Per uno strano scherzo del destino, è venuto a mancare alla vigilia del 1 maggio, la Festa dei Lavoratori. Lui che, bluffando, si è sempre definito «un datore di lavoro, non un padrone». Non un capitalista, ma «un imprenditore industriale». Emilio Riva, classe 1926, patron dell’Ilva e della Riva Fire, è morto ieri a Milano all’età di 87 anni.

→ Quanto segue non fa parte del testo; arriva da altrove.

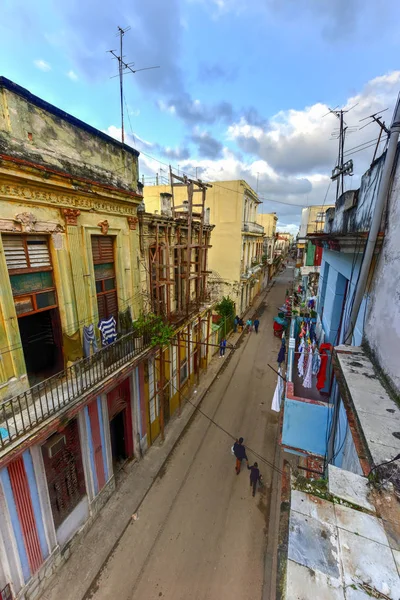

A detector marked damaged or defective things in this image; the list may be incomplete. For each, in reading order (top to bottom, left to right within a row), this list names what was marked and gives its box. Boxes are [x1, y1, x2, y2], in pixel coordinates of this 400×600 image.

Era da tempo malato di cancro. Il ragiunatt, soprannome datogli dai suoi concittadini, conosciuto come «l’ingegnere dell’acciaio», dal 1954 in poi mise in piedi un vero e proprio impero. Nel 1964, installò, primo al mondo, la macchina a colata continua. Lascia al fratello Adriano, a figli e ai nipoti, un’azienda che oggi conta 38 stabilimenti in Italia e nel mondo (dal Canada alla Francia, dal Belgio alla Germania, dalla Spagna alla Tunisia), che impiega circa 25 mila dipendenti e che per decenni ha realizzato fatturati a nove zeri.

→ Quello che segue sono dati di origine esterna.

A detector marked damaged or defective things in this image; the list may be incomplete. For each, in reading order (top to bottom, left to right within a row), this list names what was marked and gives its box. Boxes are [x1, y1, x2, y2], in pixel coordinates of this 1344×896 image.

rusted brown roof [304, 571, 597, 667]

L’apice arrivò con l’acquisizione, nell’aprile del ’95, dell’Ilva di Taranto, il più grande siderurgico d’Europa. In un anno, tra il ’94 e il ’95, la produzione incrementò da 6 a 14,6 milioni di tonnellate e quella di laminati da 5 a 12,8 milioni di tonnellate. Del resto, quando arrivò in riva alla città dei Due Mari, mise subito in chiaro le cose: «Io so fare acciaio, di tutto il resto non m’interessa». L’arrivo a Taranto però, segnerà anche l’inizio della fine. Di un modo di fare industria, tutto italiano, senza regole, controlli, rispetto della legge e dei diritti dei lavoratori. Tristemente celebre, a tal proposito, la vicenda della palazzina Laf, salita agli onori della cronaca nel ’98: il luogo dove Riva fece «confinare» un gruppo di lavoratori che riteneva troppo sindacalizzati. Operai pagati regolarmente ma senza lavorare: chiusi in una palazzina-lager, dalla mattina alla sera; molti di loro non si sarebbero mai più ripresi psicologicamente. Per questa vicenda Riva verrà condannato e il caso passerà alla storia come il primo di mobbing sul lavoro in Italia.

Poi, nel luglio 2012, il tempo dei «giochi» e delle connivenze con il sistema Ilva (a cui hanno partecipato politici, sindacati, giornalisti, e una città per troppi anni colpevolmente silente e assente) finisce: la magistratura sequestra gli impianti dell’area a caldo, arresta Riva e gli altri componenti della famiglia (oltre al direttore dello stabilimento e a un gruppo di «fiduciari»): il reato è pesantissimo, associazione a delinquere finalizzata al disastro ambientale.

Oggi l’Ilva è commissariata sino al 4 agosto 2016. Il futuro, più che incerto, è nero. Il commissario Enrico Bondi non trova le risorse per il piano di risanamento ambientale della fabbrica, né per quello industriale oltre che per la manutenzione degli impianti. Dalla prossima settimana, per 2500 lavoratori si ricorrerà al contratto di solidarietà per un’ora al giorno. Ci sarà un taglio sugli straordinari, si fermeranno impianti per mancanza di commesse. E’ morto un uomo. Il suo impero ancora no. Ma ha i mesi contati.